Eskiden koşullar bu kadar elverişli değildi. Okul sayıları ha keza, yalnız huzur vardı, eğitimde kalite ve başarı vardı. İsteyen çocuğunu istediği okula kaydedebiliyordu. Puanın yetmez başının çaresine bak denilmiyordu. Ve başarı oranı da çok daha yükseklerdeydi. Ne oldu da, bir anda başarısızlıklar ortaya çıktı. Eğitim camiasına, sistemi kuranlara sormak lazım, hiç kendinizi bu konuda sorumlu hissetiniz mi?

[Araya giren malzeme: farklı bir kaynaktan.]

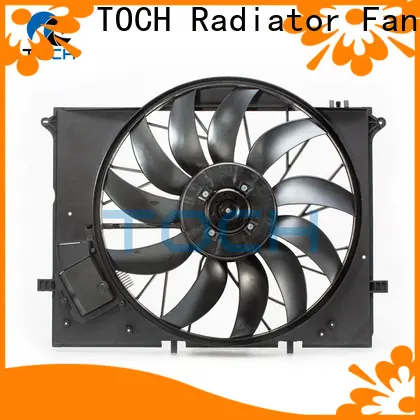 TOCH hot sale brushless radiator fan assembly supply for engine 1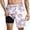 Z4-Multicolor-mens summer beach shorts, variant on Xcmzpl 4th of July Swim Trunks Mens American Flag Print Board Shorts with Mesh Lining Breathable Surf Beach Shorts Swimwear Bathing Suits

Zaman, zaman karşılaşıyoruz, çoğumuzun çocukları ilkokulu bitirme seviyesine gelmiş, ama doğru düzgün yazı yazmasını bilmez, okumayı tam olarak kavramış değillerdir. Bir sistem eğer 3-5 yıl oturmadıysa, bir daha da oturmaz. İlgili siyasetçiler yasal çaresine bakar, ama nerde halkı düşünen siyasetçi? Kendi çocukları özel okullarda, kolejlerde halkın çocuğunu düşünecek vakti mi var?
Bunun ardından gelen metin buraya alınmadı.